As time passes, we keep improving BPF support on our cards… and we keep attending conferences. Lots of them! Recently, we had a talk accepted
for the Networking track of the upcoming Linux Plumbers Conference (and several at the BPF Microconference which is featured at LPC). Nic will talk about the use of BPF as an abstraction for high-performance switching. The event will take place in November in Vancouver, and Netronome is proud to be a Gold Sponsor. Interestingly, answering to the call for papers for this track was a good occasion for the whole team to take a step back and ponder what we had achieved over the last months regarding BPF hardware offload. So, what have we achieved indeed?
BPF Offload Framework Architecture
Here is a brief reminder of the hardware offload architecture for BPF. Please note that throughout this document, “BPF” denotes the extended version “eBPF” (and not the legacy “cBPF”).
- First, BPF bytecode is generated by the user, usually by compiling from a program in C (for example) thanks to clang and LLVM backend for BPF.
- This program is then loaded into the kernel with a call to the bpf() system call. For networking program, this call is typically made by tools like tc filter add or ip link. When the program is destined to be offloaded, an additional interface index is passed to the system call to indicate what device it will be pushed onto.
- The program is verified in the kernel. This is to make sure that it safely terminates and does not have any security issues.
- Once verified, the program may be JIT compiled to native instructions in order to achieve better performance at runtime. Programs offloaded to the hardware are always compiled into instructions that the relevant device will be able to run.
- The program lives in kernel memory and can be attached to one or several hooks. Hooks exist for a variety of use cases. There are several ones for network packet processing: one on sockets, one at the Traffic Control (TC) interface, another one being the eXpress Data Path (XDP) at the driver level.

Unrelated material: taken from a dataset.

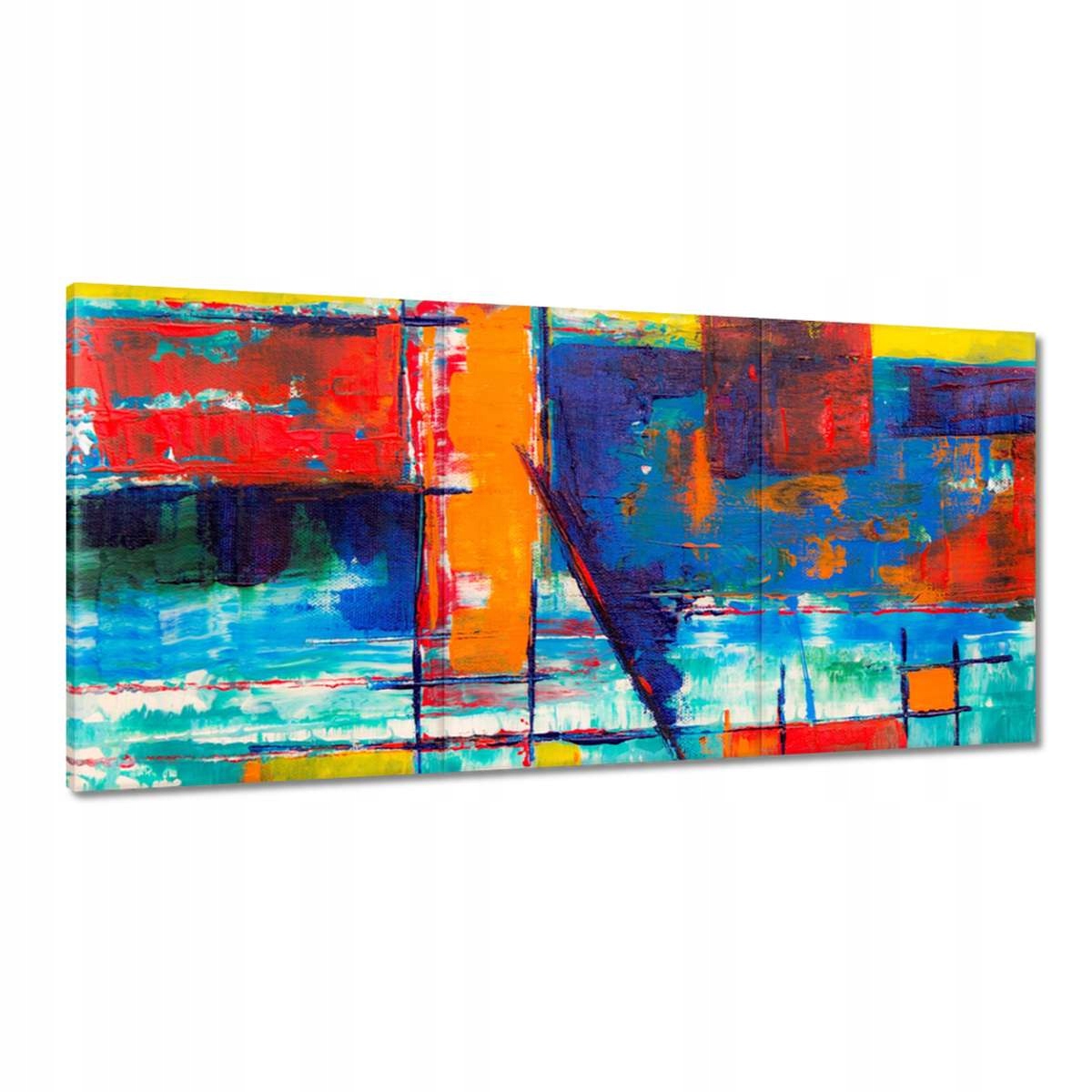 Obrazy 180x90 Abstrakcia Gordon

For networking, the request to attach the program is usually performed by tc or ip, during the same invocation, right after loading the program into the kernel.
- In the case of offload, a number of specific callbacks from the device driver are called by the kernel, each at a different stage. There are used in order to:
- Create offloaded maps
- Prepare verification of the BPF program on the driver side
- Check individual BPF instructions (in addition to the checks already performed by the kernel verifier)
- Translate (JIT-compile) the program into instructions for the hardware device
- Offload the program, i.e. push it to the card when the user decides to attach it, and bind it to a network interface on the host
- Delete the program when the user does not need it anymore
BPF Hardware Offload Architecture Diagram
We have been working on cleaning up the code of this architecture and bringing improvements to this model. In particular, once the program has been pushed to the physical device, we have made it possible to share it between several network device interfaces, which means that the program and its maps (see next section) can be used to process incoming packets coming from several different ports of the card, enabling additional use cases.
Another important feature supported by the kernel is the ability to run two distinct BPF programs on both the standard XDP hook (running on the host, at the driver level) and on the hardware, simultaneously. This way the incoming traffic is first processed by the program offloaded to the hardware, where we get the best performance and no host CPU charge. And then, only for packets that are forwarded to the host, the second program is executed and can process further the packet and use all BPF features supported by the kernel, including the few that the NFP does not support yet.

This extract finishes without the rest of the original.